3. WINES BRUISE IN A BOTTLE – HANDLE WITH CARE: A TASTING HISTORY
Lesson: Wines that are shipped to your home or tasting location must rest – untouched – for at least a week before opening. At least 1 week minimum.
Wines don't take to travel well. They go through 'bottle-shock' getting tossed and hoisted around from point A to B. I first opened Patrick's wines 3 days after I received them. This was not a wise move. I'd go as far to say that, like milk, grab the wine a couple bottles back from your wine shop.
Thankfully the second tasting occasion at the restaurants used bottles that were well rested and stored before tasting. Aromas previously muted sprang to life. Several new layers of taste emerged and the experience from start to finish was noticeably more engaging. Conversely the notes of heat (alcohol) and sharp wood in the previous tasting were now silent and integrated into the wine.

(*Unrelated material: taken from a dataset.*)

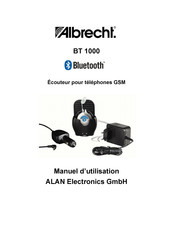 ALAN Electronics Albrecht BT 1000 Manuel D'utilisation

2006 'SLEEPY HOLLOW' CHARDONNAY
The Chardonnay was my favorite of the wines. There's a tropical kick featuring notes of mango, apricot, pear, and pineapple thanks to a small blend (9%) of Viognier added to the mix. I also tasted vanilla and caramel. It works.
2006 'ANDERSON VALLEY' PINOT NOIR
No surprise that this valley, located less than 100 miles north of San Fran, benefits from a cool coastal climate to produce wallet worthy wines. This pinot features notes of cherries, clove, and strawberries in the nose carried by plums, cedar spice, and vanilla oak layers to deliver a balanced wine all the way to the finish.
2005 'STAGECOACH VINEYARD' CABERNET SAUVIGNON
Look out. Even the bottle has broad shoulders. This cabernet comes from one of the best and most elite vineyards in Napa Valley. Its neighboring winemakers charge top dollar for their wares, but Patrick's wine from the same vineyard tastes just as good at a considerably lower price. It's velvety and lush and everything right in a wine worthy of a big meal.
Keep Patrick Krutz's wines on a short list of what to buy in the months ahead and applaud the wine directors of the restaurants showcasing his wines on their lists. With this winning forumla he and his wines will be around for awhile and hopefully improving each and every year.